Saying that they were a week or two ahead of the curve, Bernstein notes that in the leadup to the shutdown their customers had already been asking for deferred or reduced payments. And with anxiety and concern in the air, 2M7 changed course and moved from focusing on bringing in new customers and increasing collections, they “hunkered down” and worked exclusively on the needs of existing clients.

“We funded throughout very minimally … and really our main effort was to get in touch with all our existing merchants and see how they were being affected, if they needed a payment plan, or if they needed a little bit more capital to tide them over. And we adjusted each one on an ongoing basis as we kind of floated through the panic of the lockdown to the waiting time to when we really started to reopen. … And you know, the ones that were still operating in the kind of environment that they were operating, if they had any additional expenses, they had additional requirements for capital.”

This approach lasted up until mid-June, around the time that the Canadian economy began to reopen. Lasting all of three months, this halting was not without victims as 2M7 had to furlough a number of staff members, many of whom were on the sales team that had reduced responsibilities during this time. Since then though, these employees have been brought back in, new customers have been brought on, and 2M7 has returned to its offices.

“As the Canadian economy started reopening and wrapping up even a little bit earlier than we were, we worked with provinces that were already more advanced in the opening stages. Saskatchewan, Nova Scotia, New Brunswick, Newfoundland, they were doing better in terms of reopening and they were ahead of us. … We were able to work with them in terms of ramping up.
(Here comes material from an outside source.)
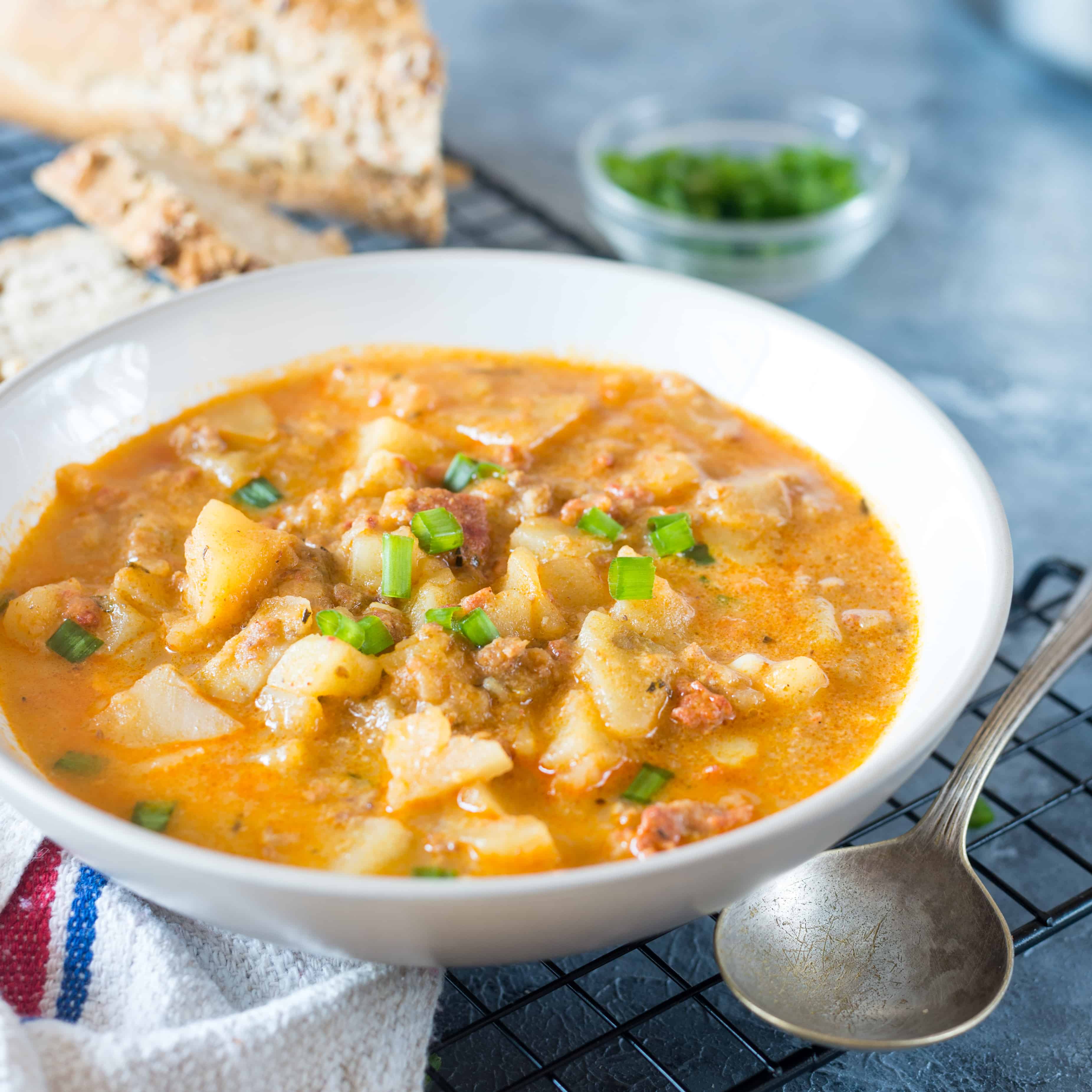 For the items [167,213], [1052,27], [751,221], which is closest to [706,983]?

Now as the economy’s kicking into gear, we’re seeing more and more demand from businesses and we’ve started feeling our how much of their client base is still in existence, how much of their market is still in existence; whether it be manufacturing or transportation, or whatever it is.”

Looking ahead, Bernstein is cautiously optimistic, believing the worst is behind them but that there is still a ways to go for the Canadian market that has shown resilience in that last four months. Explaining that he think the shutdown won’t lead to any great reset of the Canadian market, the CEO thinks that it will instead act as a catalyst for events that were already in motion: debt-laden companies will struggle and possibly perish.

But beyond that, Bernstein is feeling positive about the future, saying that “people are starting to come out of their caves, and slowly but surely businesses are starting to reopen and invest. A lot of businesses are hiring back their employees. So that’s good news for Canada and good news for small businesses in the Canadian marketplace. … I feel like we’re going to come out okay.”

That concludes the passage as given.